The Danish government, thank goodness, declined to assume the burden of guilt by succumbing to the call to apologize for the conduct of one of its citizens, an individual who at no time was accused of being its official, representative or spokesman, but a free agent in his own cause, however censurable. The proposition that a government should act as monitor for individual choice within a free society is repugnant.

Indeed we must all continue to insist on responsible journalism, and inculcate the mores of good neighborliness which extend even beyond national boundaries. Even more determinedly, however, must we reject the attempt of any sectional authority or quasi-state to foist its will on those who do not subscribe to the mandates of its beliefs, cultures and values.

The action of the irreverent cartoonists and their editor need never have become a global issue. At best the offending images would have been seen by the small, minor community of its readers. What the atavists of religion have done is to expand the “territory of insult” into a limitless one. It is they who have brought greater contumely on the image of the Prophet through the now inevitable proliferation of the cartoons. More to the point, they have raised questions about the followers of the Prophet and their understanding of the world’s complexity. Let all such ponder, in all sobriety, on the commentary of yet another cartoon — this time by a French newspaper. That cartoon depicts a brooding, frustrated Prophet Mohammed while the caption reads: “It’s hard to be loved by idiots.” If only some of these professed lovers of Mohammed were not also psychopaths of faith!

Reprisal killings have taken place in Onitsha, in southeastern , where the return of the corpses of the victims ignited memories of prior massacres. And so it spreads, and spreads, and the nation is left to wonder, not if but where its next eruption may be expected.
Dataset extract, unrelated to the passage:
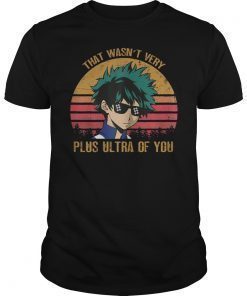 That Wasn't Very Plus Ultra Of You Tee Shirt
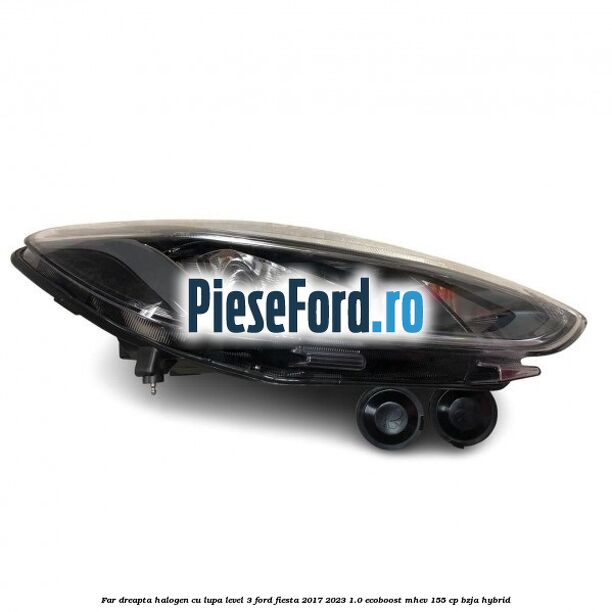 Far dreapta halogen cu lupa level 3 Ford Fiesta 2017-2023 1.0 EcoBoost mHEV 155 cp BZJA Hybrid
The nation, let me make this clear, has not been short on voices of condemnation from national leaders who also are Moslem. What has always been lacking is stern, unambiguous repudiation, language that goes beyond pious platitudes, a call for the isolation of thrill killers and the exposure of known manipulators of mob psychology (mostly calculating politicians).

I, for one, shall believe in the sincerity of these voices — not only in my own nation but globally — when they actually move, not only to condemn, but to initiate consequences for the violators of human sanctity. In other words, it is time that Moslem leaders all over the world pronounced a fatwa against those who kill in the name of their faith, and turn every opportunity into a release of the psychopathic urge.

While the mobs rage, the massacres of innocents, even within that same religion of Islam, continue unabated in Darfur. Never, in recent memory, has rape become so routine, almost mandatory, as a cherished weapon of aggression. Ancient societies are wiped out daily in a brutal campaign, openly articulated, to eliminate a racial identity. A refugee problem of gargantuan proportions stares the African continent in the face, a continent already riven apart by multiple civil wars.

Is it in the midst of this rampaging, racist obscenity called Darfur that the world is being invited to shift even its hazy focus, close down shop on vital concerns, wallow in an orgy of remorse, while the United Nations suspends its operations on behalf of traumatized humanity, all on account of some obscure cartoonist possessed by the Muse of irreverence? Clearly the world is askew, but not in the way some see it.